DATA LISTING Start Marker

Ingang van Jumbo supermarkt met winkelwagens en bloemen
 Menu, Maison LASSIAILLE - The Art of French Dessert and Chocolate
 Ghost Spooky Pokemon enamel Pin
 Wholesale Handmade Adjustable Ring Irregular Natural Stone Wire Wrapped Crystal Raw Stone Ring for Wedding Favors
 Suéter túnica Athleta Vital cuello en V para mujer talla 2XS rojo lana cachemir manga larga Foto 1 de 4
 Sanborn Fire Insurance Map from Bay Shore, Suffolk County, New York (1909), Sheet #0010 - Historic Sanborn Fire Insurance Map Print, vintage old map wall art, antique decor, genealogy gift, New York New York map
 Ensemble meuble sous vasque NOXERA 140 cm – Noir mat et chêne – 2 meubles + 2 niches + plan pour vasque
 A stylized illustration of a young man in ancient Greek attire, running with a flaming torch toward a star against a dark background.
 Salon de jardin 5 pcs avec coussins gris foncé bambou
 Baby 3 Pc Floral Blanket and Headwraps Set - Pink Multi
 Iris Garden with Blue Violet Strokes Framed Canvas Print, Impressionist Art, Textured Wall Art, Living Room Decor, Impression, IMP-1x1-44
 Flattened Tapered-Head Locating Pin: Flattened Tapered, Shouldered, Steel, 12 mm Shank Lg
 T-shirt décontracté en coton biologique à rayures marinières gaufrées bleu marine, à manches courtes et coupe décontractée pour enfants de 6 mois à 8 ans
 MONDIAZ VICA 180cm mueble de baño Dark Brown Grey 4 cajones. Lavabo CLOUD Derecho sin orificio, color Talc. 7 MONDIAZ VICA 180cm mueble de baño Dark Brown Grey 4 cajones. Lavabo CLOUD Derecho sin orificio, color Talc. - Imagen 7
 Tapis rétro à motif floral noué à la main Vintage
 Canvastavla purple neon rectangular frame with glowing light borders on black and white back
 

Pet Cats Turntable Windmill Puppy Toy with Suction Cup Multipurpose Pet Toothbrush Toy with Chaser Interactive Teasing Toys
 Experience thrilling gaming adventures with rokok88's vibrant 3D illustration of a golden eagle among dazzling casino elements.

DATA LISTING End Marker

When you copy the data, keep every line word for word.

Ingang van Jumbo supermarkt met winkelwagens en bloemen
 Menu, Maison LASSIAILLE - The Art of French Dessert and Chocolate
 Ghost Spooky Pokemon enamel Pin
 Wholesale Handmade Adjustable Ring Irregular Natural Stone Wire Wrapped Crystal Raw Stone Ring for Wedding Favors
 Suéter túnica Athleta Vital cuello en V para mujer talla 2XS rojo lana cachemir manga larga Foto 1 de 4
 Sanborn Fire Insurance Map from Bay Shore, Suffolk County, New York (1909), Sheet #0010 - Historic Sanborn Fire Insurance Map Print, vintage old map wall art, antique decor, genealogy gift, New York New York map
 Ensemble meuble sous vasque NOXERA 140 cm – Noir mat et chêne – 2 meubles + 2 niches + plan pour vasque
 A stylized illustration of a young man in ancient Greek attire, running with a flaming torch toward a star against a dark background.
 Salon de jardin 5 pcs avec coussins gris foncé bambou
 Baby 3 Pc Floral Blanket and Headwraps Set - Pink Multi
 Iris Garden with Blue Violet Strokes Framed Canvas Print, Impressionist Art, Textured Wall Art, Living Room Decor, Impression, IMP-1x1-44
 Flattened Tapered-Head Locating Pin: Flattened Tapered, Shouldered, Steel, 12 mm Shank Lg
 T-shirt décontracté en coton biologique à rayures marinières gaufrées bleu marine, à manches courtes et coupe décontractée pour enfants de 6 mois à 8 ans
 MONDIAZ VICA 180cm mueble de baño Dark Brown Grey 4 cajones. Lavabo CLOUD Derecho sin orificio, color Talc. 7 MONDIAZ VICA 180cm mueble de baño Dark Brown Grey 4 cajones. Lavabo CLOUD Derecho sin orificio, color Talc. - Imagen 7
 Tapis rétro à motif floral noué à la main Vintage
 Canvastavla purple neon rectangular frame with glowing light borders on black and white back
 

Pet Cats Turntable Windmill Puppy Toy with Suction Cup Multipurpose Pet Toothbrush Toy with Chaser Interactive Teasing Toys
 Experience thrilling gaming adventures with rokok88's vibrant 3D illustration of a golden eagle among dazzling casino elements.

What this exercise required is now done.